▶ Given data
= = = = =
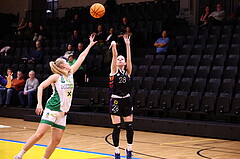 17.12.2023, Graz, Raiffeisen Sportpark, Basketball Damen Superliga 2023/24, Grunddurchgang 7.Runde, UBI Holding Graz - Vienna United Women,  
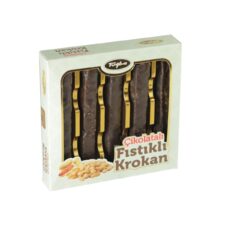 Tugba Chocolate-Coated Peanuts Brittle 75 gr (2.64oz) - 5 Pieces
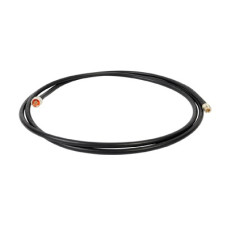 Jumper con Cable tipo RF400 con Conectores N Macho/ N Macho Hembra. 3 Metros.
= = = = =
▶ Problem statement
Could the material above be given again in full and exactly, with its pictures left out?

▶ Response
 17.12.2023, Graz, Raiffeisen Sportpark, Basketball Damen Superliga 2023/24, Grunddurchgang 7.Runde, UBI Holding Graz - Vienna United Women,  
 Tugba Chocolate-Coated Peanuts Brittle 75 gr (2.64oz) - 5 Pieces
 Jumper con Cable tipo RF400 con Conectores N Macho/ N Macho Hembra. 3 Metros.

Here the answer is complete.